Introduction to Carbon NMR

The chemical shift of carbons is caused by the same phenomenon as the chemical shift of hydrogens, i.e., the electrons in the molecule generate small magnetic fields that affect the net field experienced by each carbon nucleus. In general, electrons surrounding an atom move in such a way so as to create a field at the atom that tends to counteract the applied magnetic field. The electrons thus "shield" the carbon nucleus from the applied magnetic field and this means that less energy is necessary to excite the carbon nucleus from one spin state to another and therefore its chemical shift comes at a lower frequency than it would otherwise. For example, the carbon atom in a carbonyl group has a relatively low electron density around it, and thus is relatively "deshielded" and consequently has a higher chemical shift than most other types of carbons.

Carbon-12 atoms do not have a nuclear spin, and hence don't show up in the NMR. When we take a carbon NMR we are looking only at carbon-13 atoms. Only 1% of naturally occuring carbon atoms are carbon-13, so the sensitivity of natural abundance carbon NMR is lower than that for proton NMR. Another consequence of this low abundance, is that we don't normally observe coupling between adjacent carbon atoms (like we do between adjacent protons in H-NMR) since 99% of the neighboring carbons are carbon-12 and don't have a nuclear spin. However, protons attached to a carbon atom will cause splitting of the carbon signal. This splitting will lower the signal to noise ratio, so carbon NMR spectra are usually obtained under conditions of proton decoupling. Under these conditions each nonequivalent carbon atom in a molecule will appear as a single peak in the carbon NMR.

Another difference between proton and carbon NMR is that carbon NMR spectra are not normally integrated.

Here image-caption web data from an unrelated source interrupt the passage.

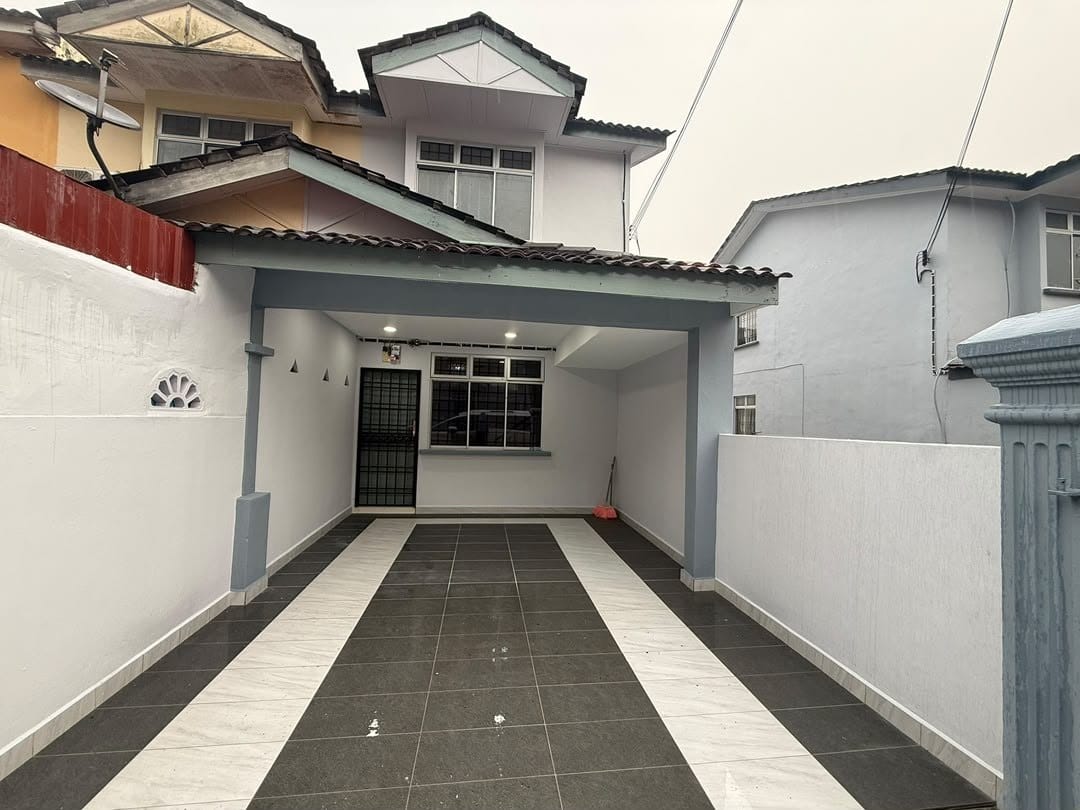 Exterior - FOR SALE | Double Storey Low-Medium Cost House @ Bandar Putra Kulai | Freehold | RM370K - Image 4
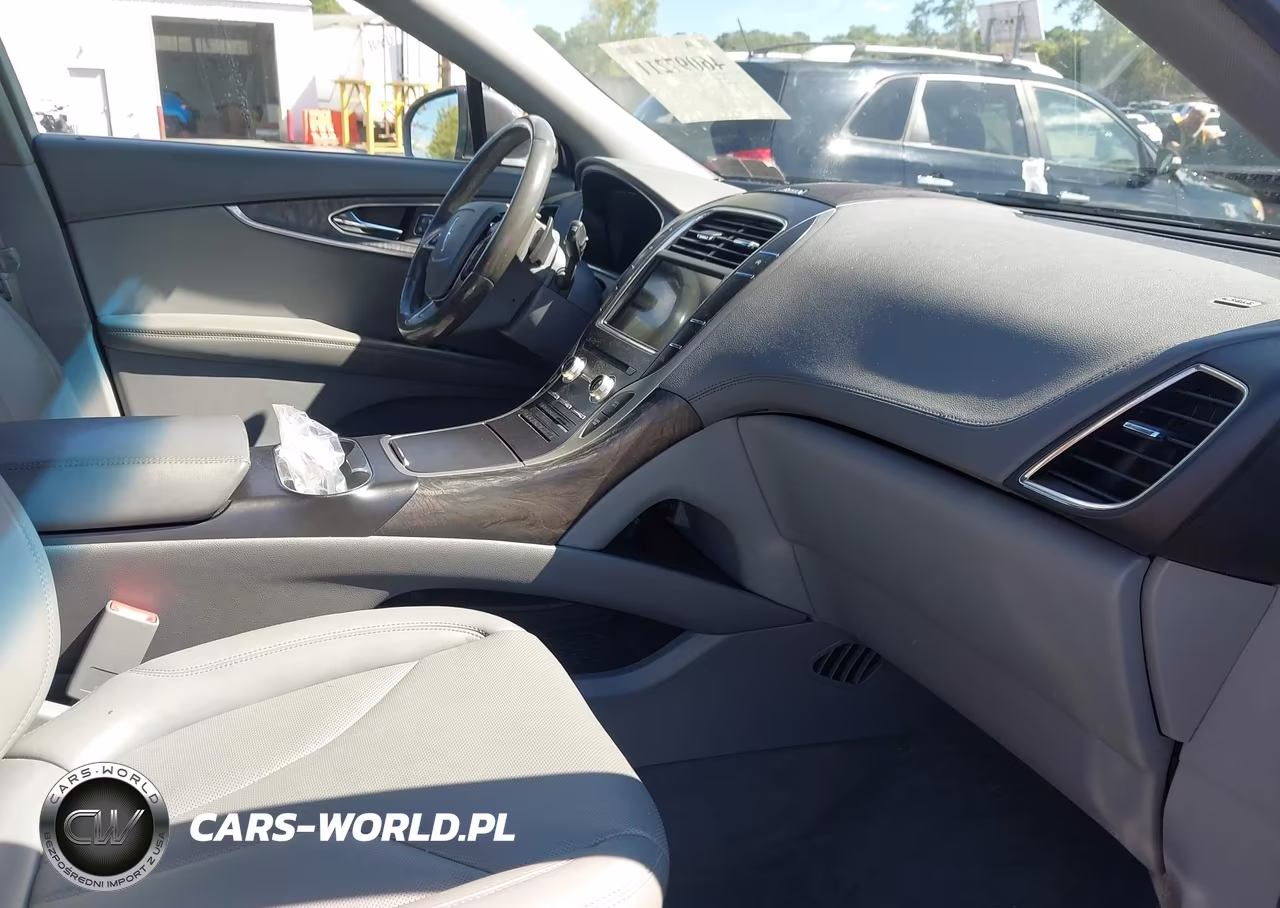 2019 Lincoln Nautilus Reserve VIN:2LMPJ8L91KBL34981 - 5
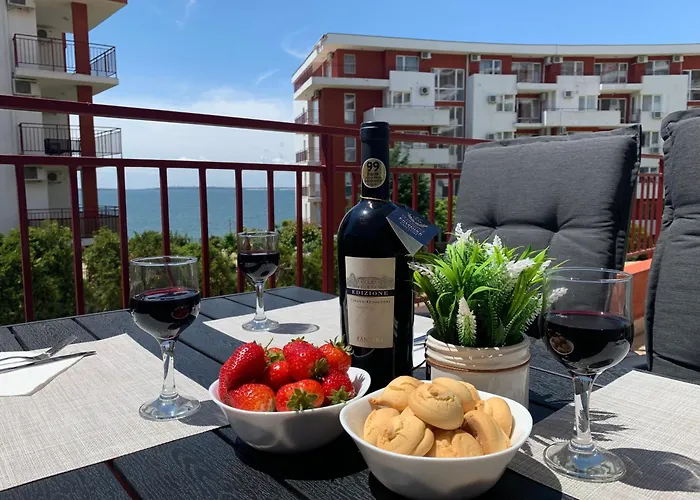 Апартаменти Noks- Marina- Avalonia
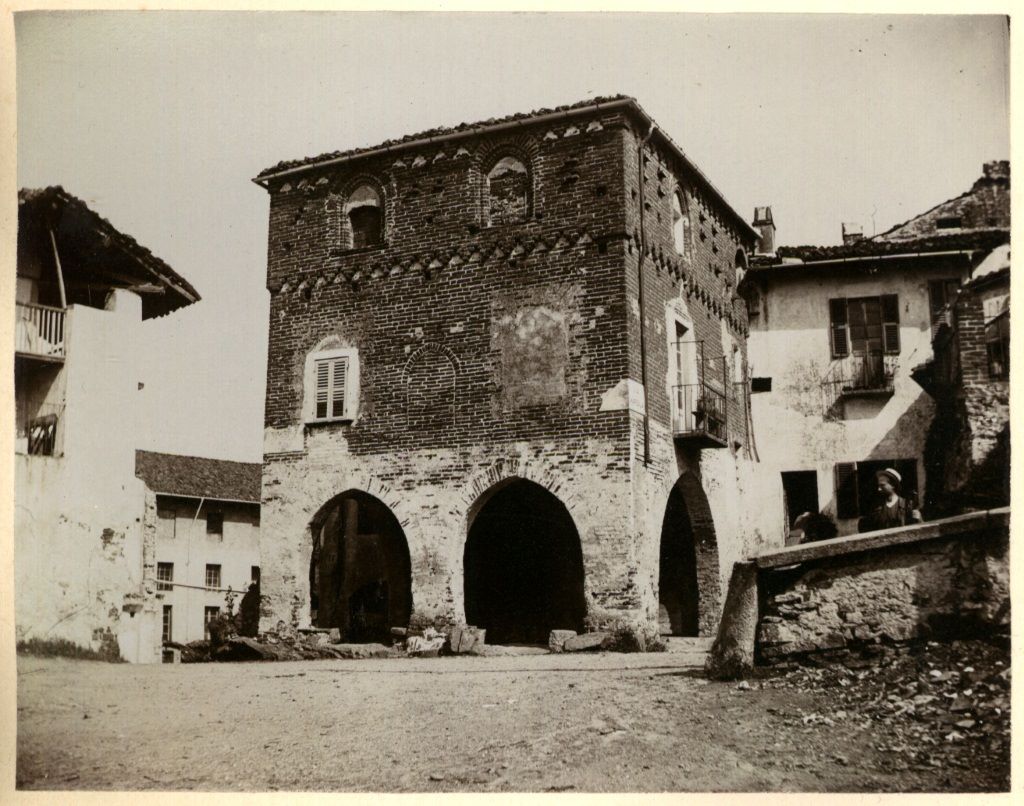 FileGabinio.Ivrea Antica Casa Comunale. Ivrea, Casa Della Credenza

This is due to the fact that unless a long delay is introduced between acquisitions the carbon intensities don't accurately reflect the relative numbers of carbon atoms. For example, what you will usually observe is that carbon atoms with no hydrogens attached to them (e.g., carbonyl carbons) will be less intense than those that do have hydrogens attached. Nevertheless, for carbon atoms that do have hydrogens attached the relative height of the NMR peak usually can be used to estimate the relative number of carbon atoms. For example, in the carbon NMR of isopropanol, the 2 methyl carbons are equivalent and will show up as a peak that is approximately twice as high as the methine (one H-attached) carbon peak.

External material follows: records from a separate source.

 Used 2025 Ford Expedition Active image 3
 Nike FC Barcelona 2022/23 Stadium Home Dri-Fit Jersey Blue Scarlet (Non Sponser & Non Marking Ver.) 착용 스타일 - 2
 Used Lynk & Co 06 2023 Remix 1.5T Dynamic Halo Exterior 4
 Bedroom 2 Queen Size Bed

Typical C-NMR Shift Ranges
Chemical Shift (d)
Type of Carbon
Examples
(Chemical shift in ppm.)
Comments
10-40 ppm
Alkane C's
In general the greater the substitution on the carbon the further downfield (higher frequency) the resonance occurs.
40-70 ppm
Adjacent to an electronegative atom
The more electronegative the atom the greater the chemical shift.
65-90 ppm
sp carbon of an alkyne
 
110-140 ppm
sp2 carbon of an alkene or sp of a nitrile
115-150 ppm
Aromatic
The aromatic carbon atom attached to a substituent does not have a hydrogen attached to it, so usually appears less intense than other carbons in the molecule. It also normally appears at a higher chemical shift.
160-185
Carbonyl carbon of acid derivatives
Since carbonyl carbons do not have a hydrogen attached to them they often appear less intense than other carbons in the molecule.
190-220 ppm
carbonyl carbon of ketones and aldehydes
Since carbonyl carbons do not have a hydrogen attached to them they often appear less intense than other carbons in the molecule.
Multiple functional groups Chemical shift effects are approximately additive. In molecules where important resonance forms are possible, these will often influence the electron density around a carbon and hence cause changes in the chemical shift.